ZlnHAND: standardized lnHAND. Noise areas (2) to (6) are not included.
Ztexture: standardized TEXTURE. Noise areas (2) to (6) are not included.
Cluster15, Cluster40: Cluster number by k-means clustering of 15 and 40 categories using standardized lnSLOPE, lnHAND and TEXTURE of the basin with each polygon area as the weight. The cluster number (1-15 or 1-40) is not common to other basins. A map using this data cannot be merged with different basins. Noise areas (2) to (6) are not included. On some small islands, Cluster40 was omitted.
Gcluster15, Gcluster40: Cluster number by k-means clustering of 15 and 40 categories using standardized lnSLOPE, lnHAND and TEXTURE of the global data with each polygon area as the weight. The cluster number (1-15 or 1-40) is common to other basins. A map using this data can be merged with different basins. Noise areas (2) to (6) are not included.
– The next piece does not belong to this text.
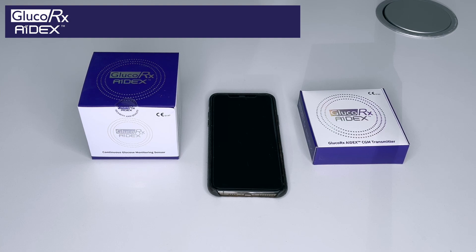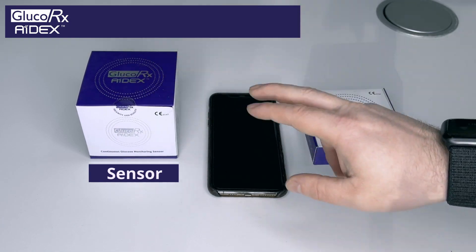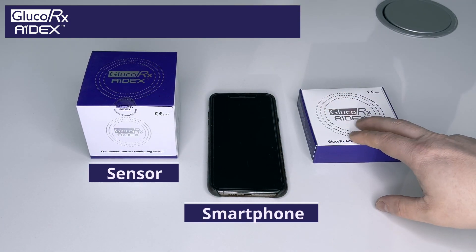At the end of the 14 days you simply change the sensor, pop back on the transmitter and then you continue. So what do you need to be able to utilise this? You need a sensor, a smartphone and a transmitter.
Properties of the cluster convergence values (CSV, XX_convergence_values_cluster15, XX_convergence_values_cluster40, Global_convergence_values_cluster15, Global_convergence_values_cluster40)

Convergence values for each clustering of ZlnSLOPE, ZlnHAND, Ztexture.

Usage of the dataset

Joining with the cluster file: The cluster file (dBASE IV; Cluster_XX, GlobalCluster_XX) can be joined with the shapefile dataset (Poly_XX) by polyID using GIS software.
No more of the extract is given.